▶ _RECORDS FOR THE TASK_:
* * * *

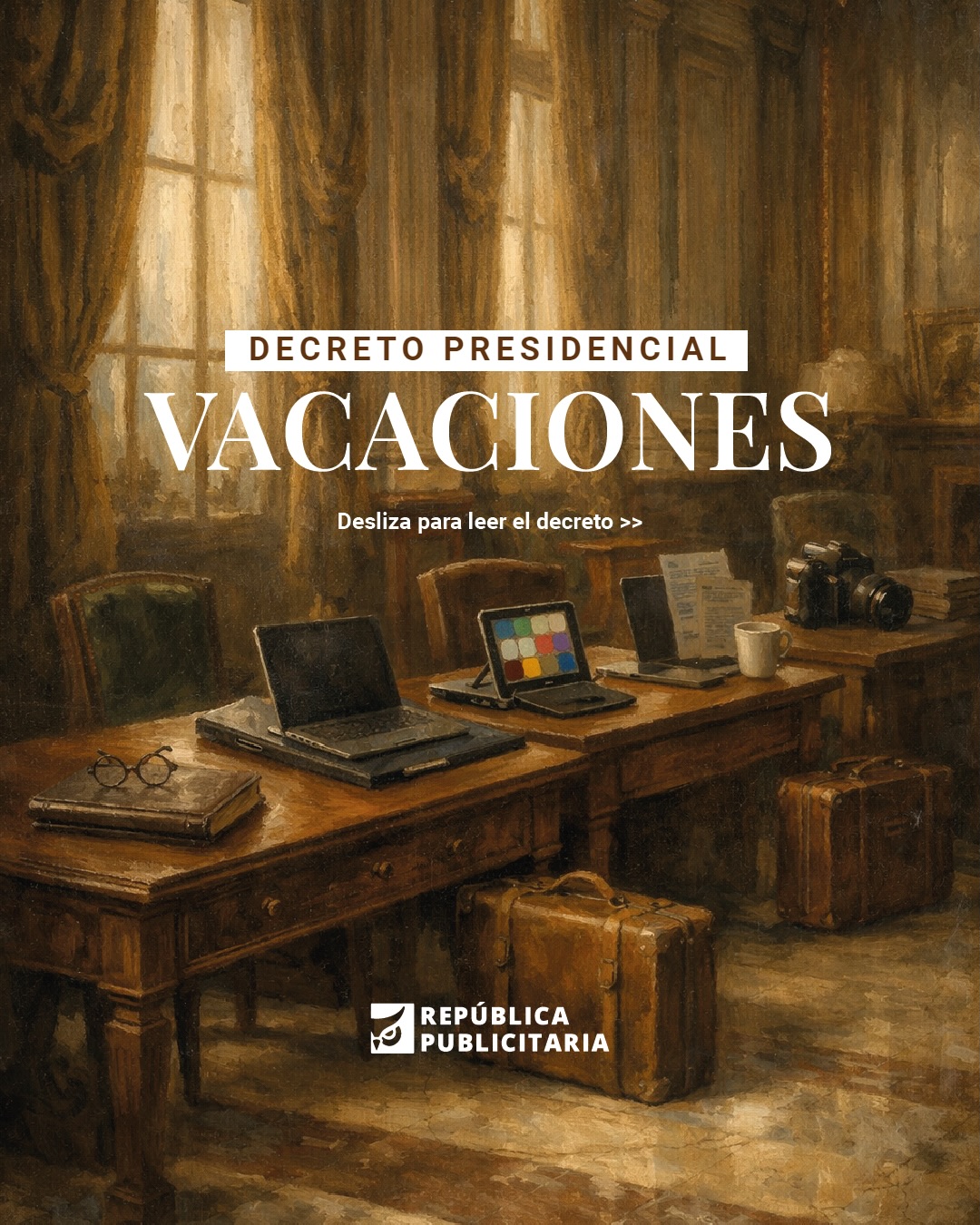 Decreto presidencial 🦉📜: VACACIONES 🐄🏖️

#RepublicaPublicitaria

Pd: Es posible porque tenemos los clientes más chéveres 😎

* * * *

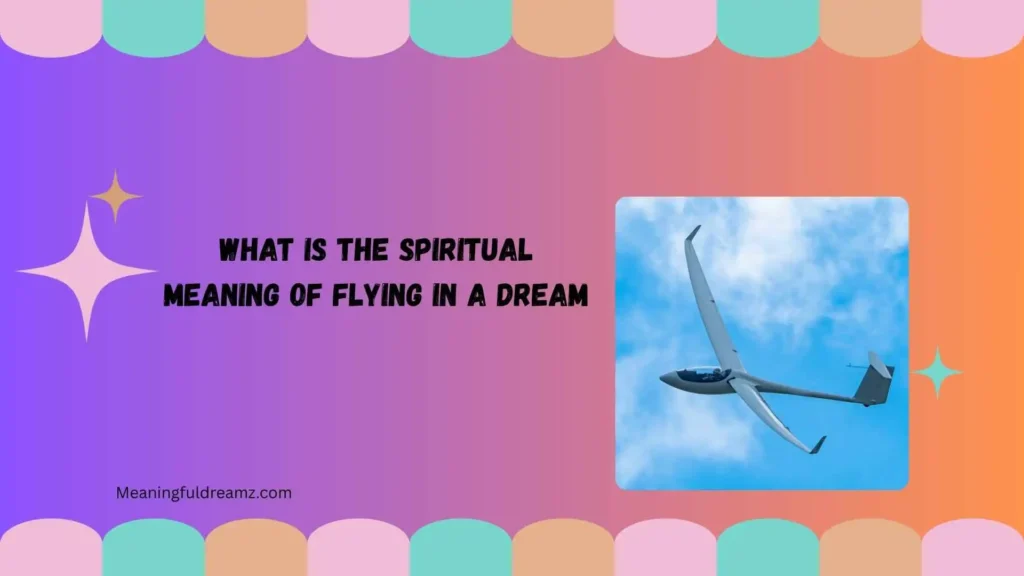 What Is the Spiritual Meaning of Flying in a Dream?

* * * *

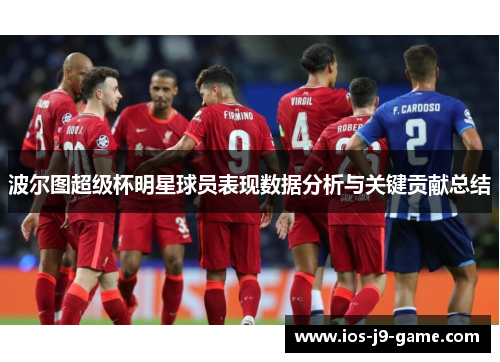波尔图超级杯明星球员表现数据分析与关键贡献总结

* * * *

Your task is to copy only the lines above starting at the one containing "Decreto presidencial 🦉📜: VACACIONES 🐄🏖️" and ending at the one containing "Pd: Es posible". Copy them exactly, both ends included, and omit the pictures.

 Decreto presidencial 🦉📜: VACACIONES 🐄🏖️

#RepublicaPublicitaria

Pd: Es posible porque tenemos los clientes más chéveres 😎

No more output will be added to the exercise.